The most literal, valid translation of the above code that I can manage is as follows:

	Stream file = new BufferedFile("sample.txt");
	foreach(ulong n, char[] char_ar; file)
	{
		string line = char_ar.idup;
		writefln("line %d: %s",n,line);
	}
	file.close();

although for this particular example, you could just replace string with char[]. The problem with that approach is that you usually want a string at some point, so you can do all the wonderful string operations that one tends to do.

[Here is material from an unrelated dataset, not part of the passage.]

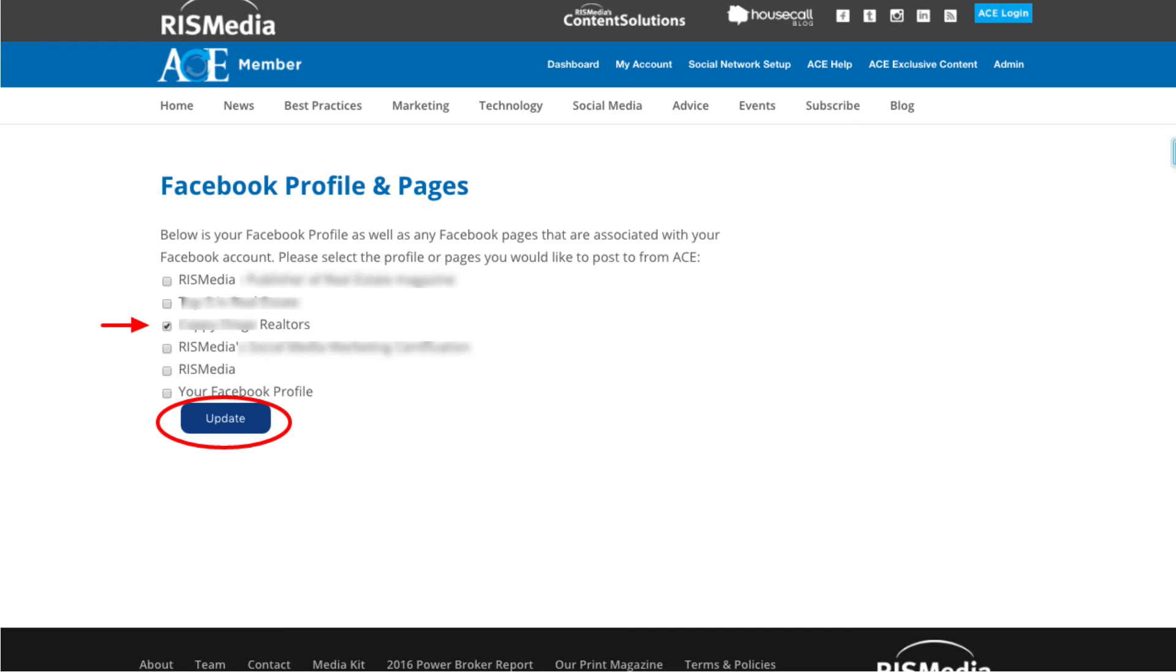Now you will arrive back at RIS Media's ACE, where you'll see a list starting with your Facebook profile followed by any Facebook pages that you have editor or admin rights to. Make your selection by checking the box. Click Update and you are done.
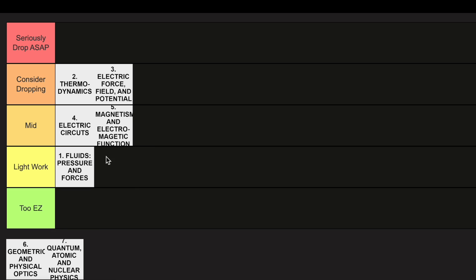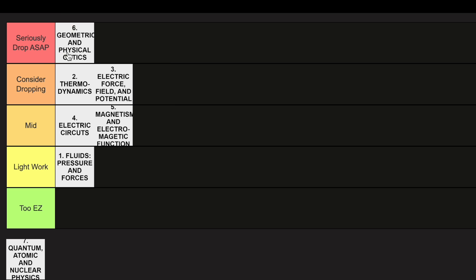However, Unit 6 is definitely, in my opinion, the hardest unit of Physics 2, and that's going to be in the Seriously Drop category.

Is this just a case where the Stream library just hasn't been string-invariance-ized yet? Or is there a different way to do things now? (In which case I recommend updating the documentation!)

	Michael







[*] It's worth noting that there's also an error with 'stdout.writefln' hence my replacement with 'writefln' in the second block of code.
April 05, 2008
This one bugs me as well. The reason is that opApply uses readLine, which in turn calls readLine(char[]), reusing the passed buffer. This will never return an invariant string, and the result must therefor always be idup'ed :-((

I don't think there's anything that can be done to 'fix' this. readLine must write to the buffer, so it's never invariant. Casting to invariant is not possible, as it would break all the guarantees. I wonder if there's something that can be done by using an "invariant constructor" mentioned in Andrei's PDF (see Walter's post in the other group.)

L.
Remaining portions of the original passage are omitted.